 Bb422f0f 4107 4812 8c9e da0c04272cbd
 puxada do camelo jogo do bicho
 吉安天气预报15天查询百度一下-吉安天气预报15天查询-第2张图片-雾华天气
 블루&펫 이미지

* * *

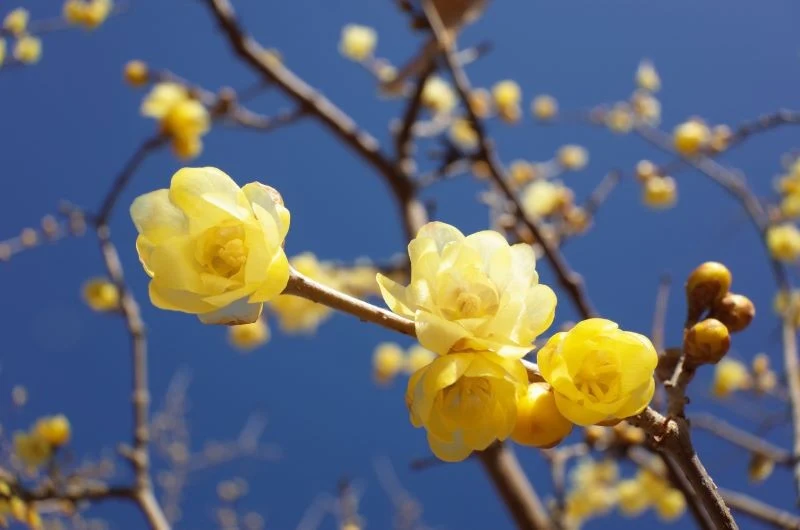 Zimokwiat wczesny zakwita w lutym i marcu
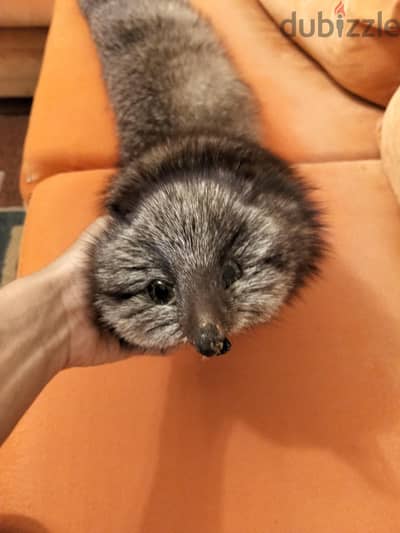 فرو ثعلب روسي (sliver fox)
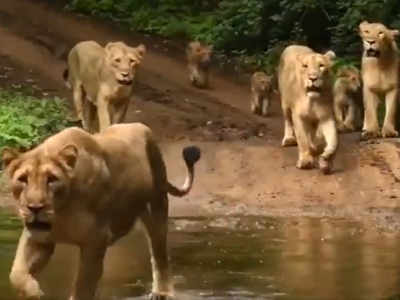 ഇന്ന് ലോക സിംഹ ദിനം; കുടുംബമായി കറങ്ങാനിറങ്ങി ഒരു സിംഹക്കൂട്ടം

* * *

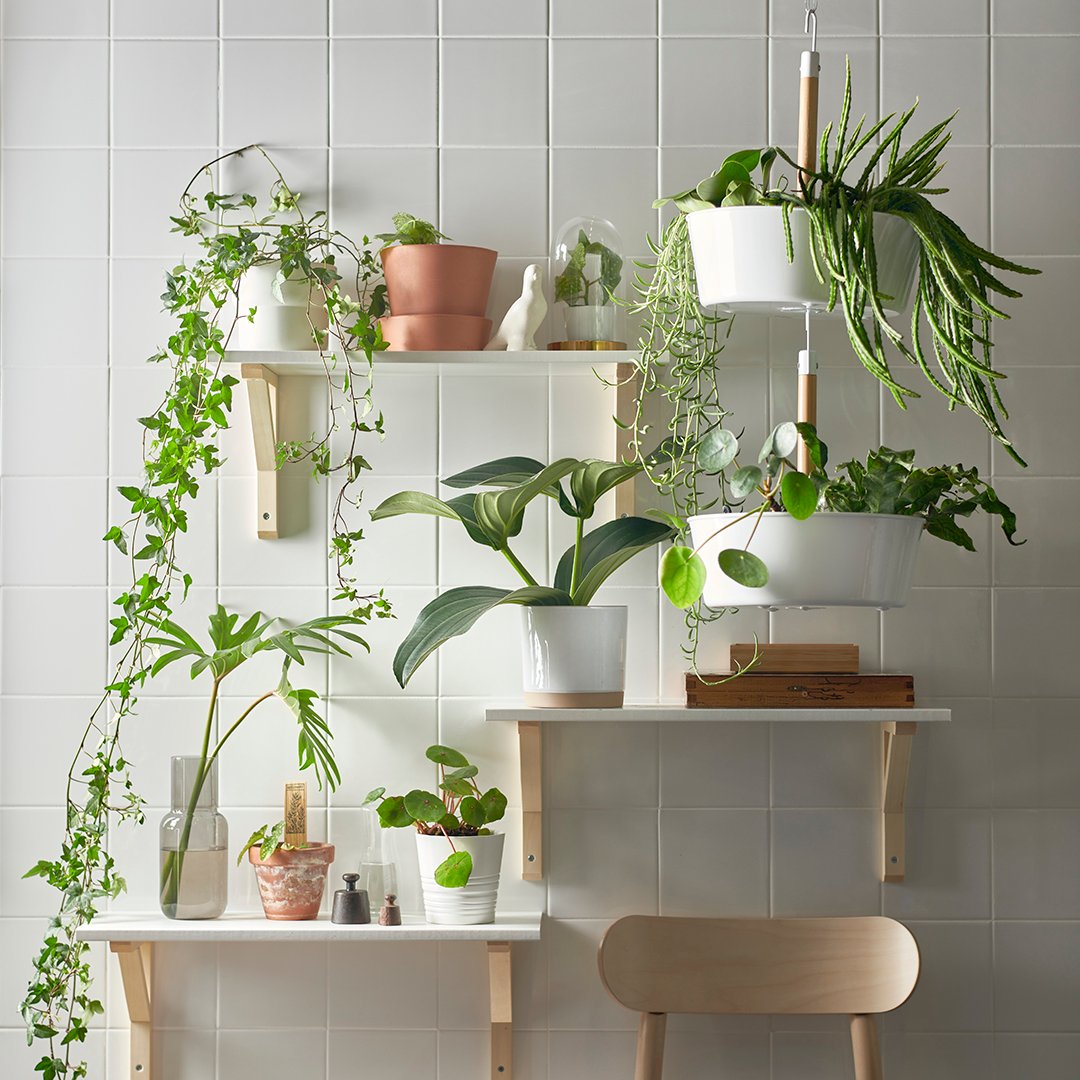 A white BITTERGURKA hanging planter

■ WORK TO COMPLETE
Write out exactly the run of lines above that starts at the line containing "Zimokwiat wczesny zakwita w lutym i marcu" and ends at the line containing "ഇന്ന് ലോക സിംഹ". Include both, and leave the pictures out.

■ RESPONSE AREA
 Zimokwiat wczesny zakwita w lutym i marcu
 فرو ثعلب روسي (sliver fox)
 ഇന്ന് ലോക സിംഹ ദിനം; കുടുംബമായി കറങ്ങാനിറങ്ങി ഒരു സിംഹക്കൂട്ടം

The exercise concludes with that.